| What to produce |
Give back the lines below exactly, but do not include any pictures.

| The data |
# # #

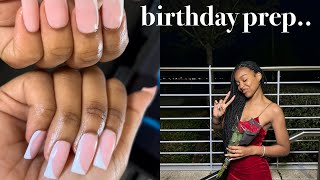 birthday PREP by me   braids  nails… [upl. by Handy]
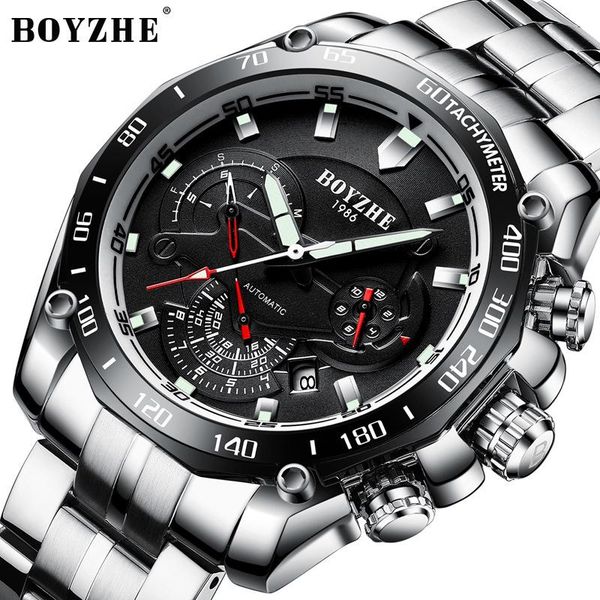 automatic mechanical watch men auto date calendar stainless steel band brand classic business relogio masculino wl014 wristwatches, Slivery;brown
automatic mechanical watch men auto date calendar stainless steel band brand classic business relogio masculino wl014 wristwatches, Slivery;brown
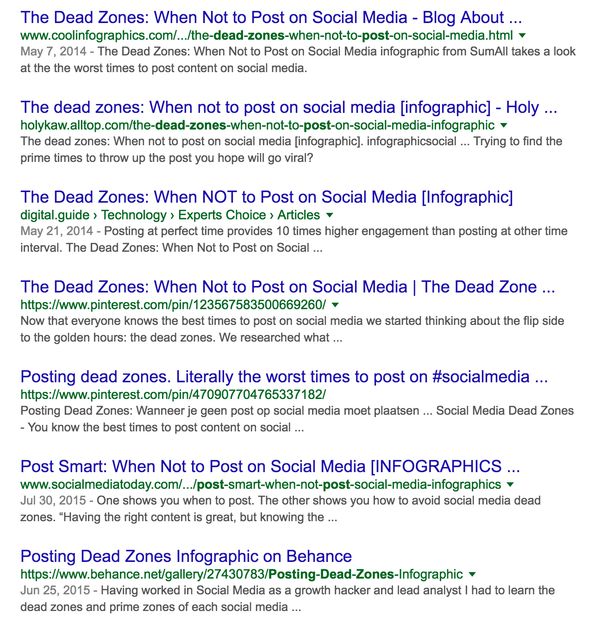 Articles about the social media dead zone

# # #

| Result for this task |
 birthday PREP by me   braids  nails… [upl. by Handy]
 automatic mechanical watch men auto date calendar stainless steel band brand classic business relogio masculino wl014 wristwatches, Slivery;brown
automatic mechanical watch men auto date calendar stainless steel band brand classic business relogio masculino wl014 wristwatches, Slivery;brown
 Articles about the social media dead zone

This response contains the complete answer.